North’s followers steadily fell away over the next few years, despite his undiminished skill as a debater. His sight, always very poor, deteriorated sharply in 1787, and by the following year he was all but blind and was rarely present in Commons. Nonetheless, when he was present—for example, when he was called upon in 1788-1789 to lead the opposition argument over the Regency Bill—he could still command the floor. North had never been physically attractive and blithely described himself as one of the ugliest men in England, even before the gross obesity of his later years. Horace Walpole harshly described him in Parliament, with his prominent but near-sighted eyes rolling: “a wide mouth, thick lips and an inflated visage gave him the air of a blind trumpeter.” He was, nonetheless, a commanding speaker capable of sharp and witty interventions that typically gained the attention and approval of the members of the House.

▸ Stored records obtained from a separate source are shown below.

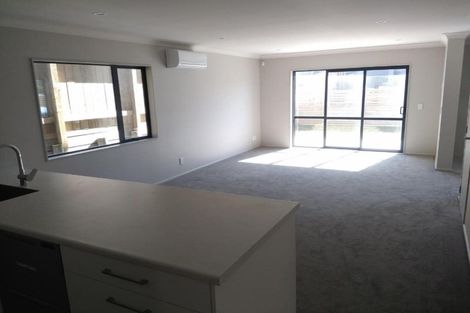 Photo of property in 3 Brindle Way, Newlands, Wellington, 6037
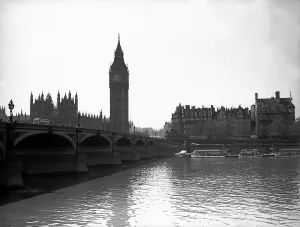 00090 Prints: Mad Major Draper Under Westminster Bridge Print May 1953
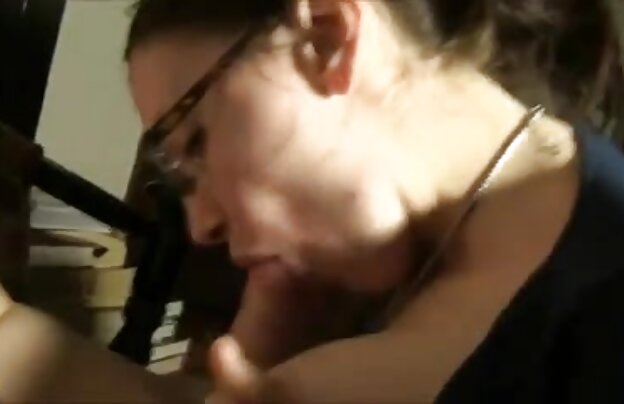 XXX دو آبدار و زن شروع به پریدن کرد از شهرستان به سبز را مرطوب و مرطوب متوجه هر یک از دیگر به طور ناگهانی توسط سه جوان که مورد تجاوز قرار گرفته و به فیلم سینمایی سکسی جدید طرز وحشیانه ای به قتل این برنامه نویس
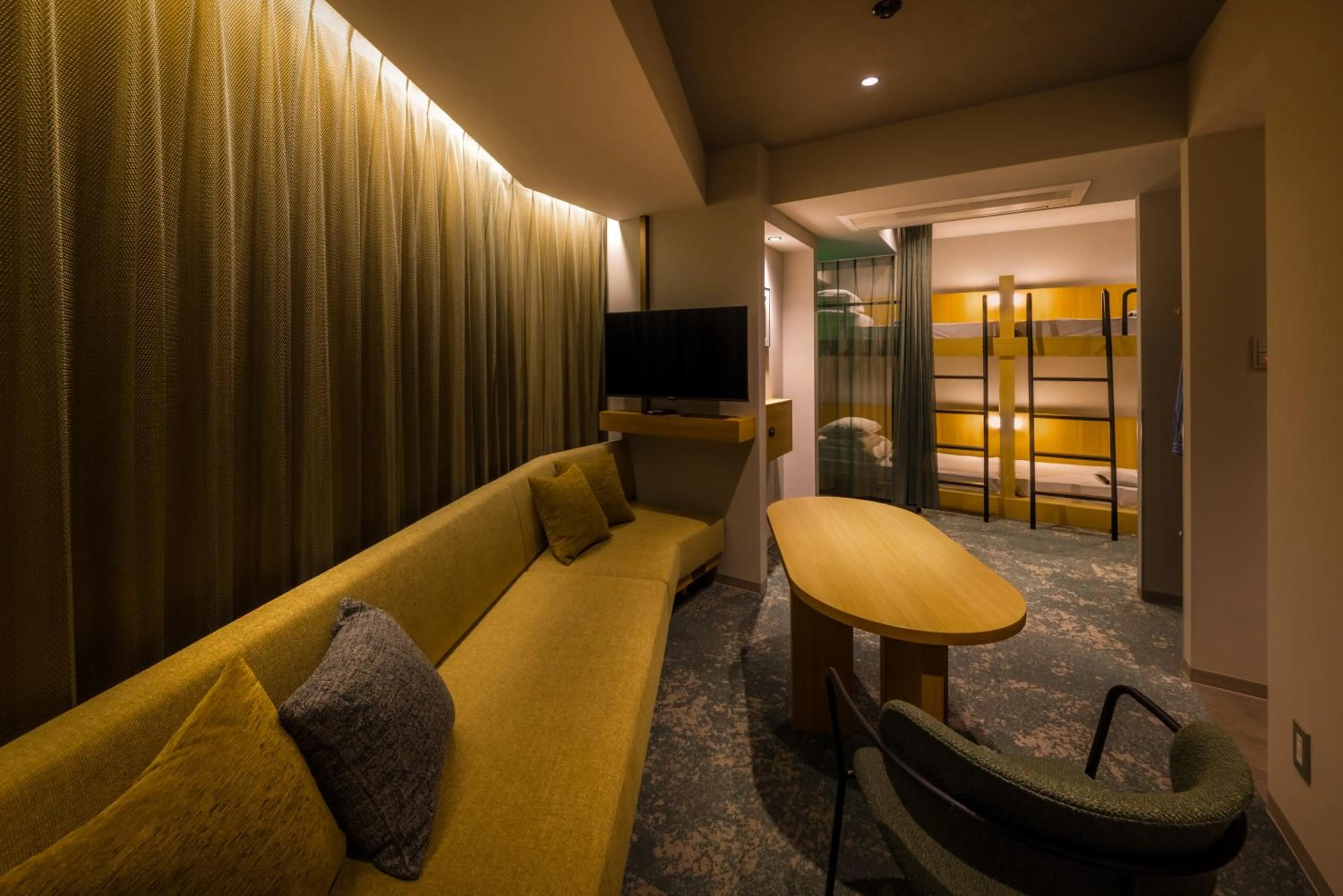 Photo of the whole room in &Here SHINJUKU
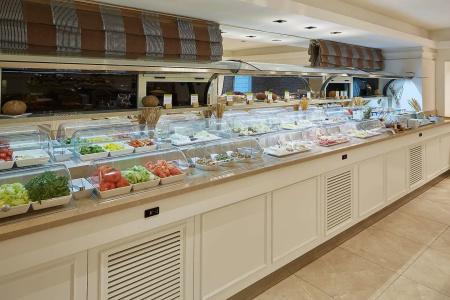 DoubleTree by Hilton Izmir - Alsancak - 12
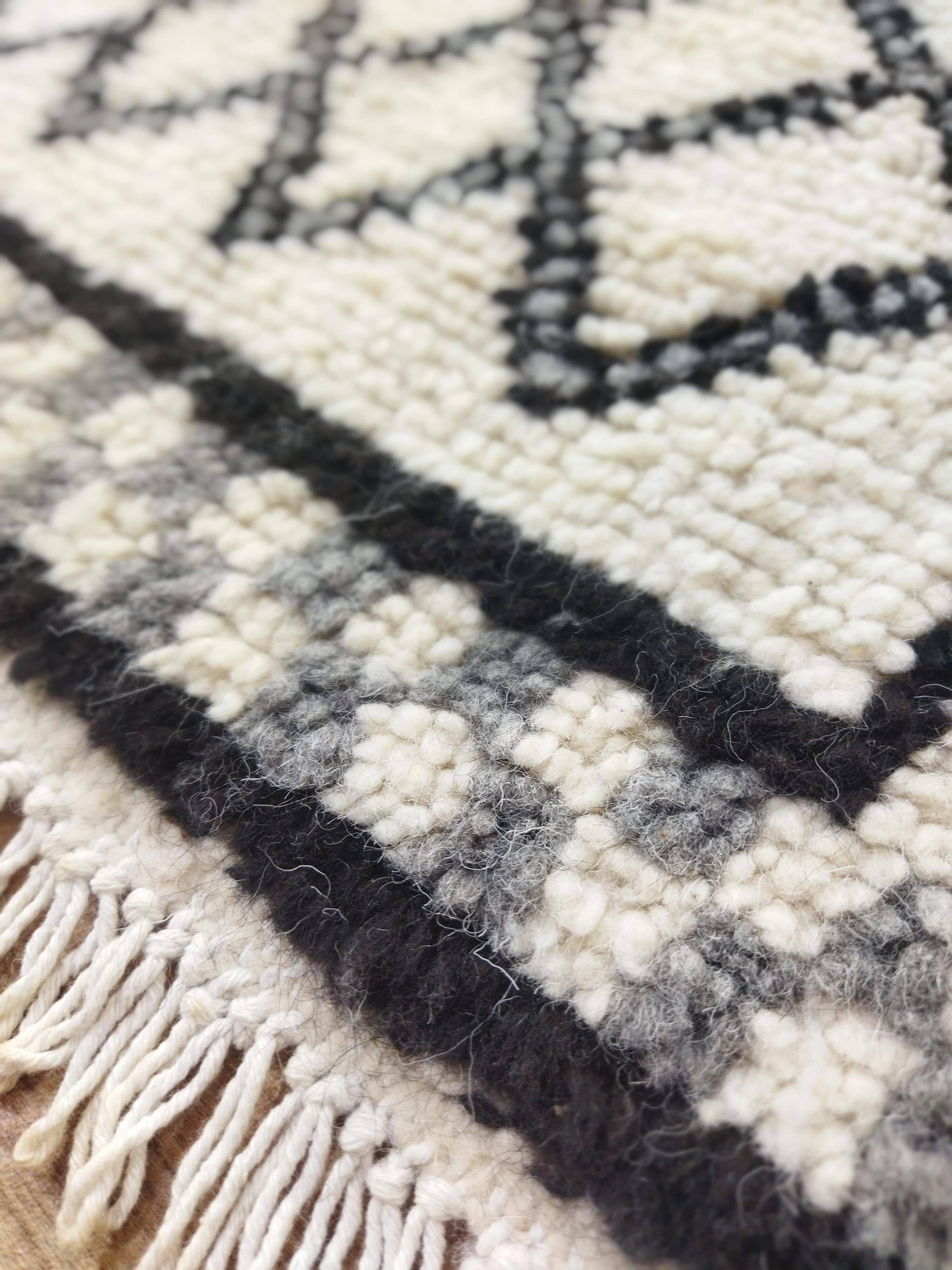 Handmade Berber wool mrirt rug 145 X 65 CM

In his last years he bore his blindness and deteriorating health with humor. He died of dropsy on 5 August 1792.
Personality
His ministry was marred also by the anti-Catholic Gordon riots and by accusations of corruption and tyranny in the press. Easygoing and amiable but driven by a sense of duty to remain in office, North must often have wished to be back amid the rolling farm landscape and honey-colored stone of his village at Wroxton, near Banbury, dominated by the family seat of Wroxton Abbey.
Connections
In May 1756, North, then 22, married 16-year-old Anne Speke, whose father, one of the wealthiest landowners in Somerset, had died three years earlier, leaving her an income of £4,000 a year. The marriage was a successful union of two easy-tempered people, and the couple raised three daughters and four sons.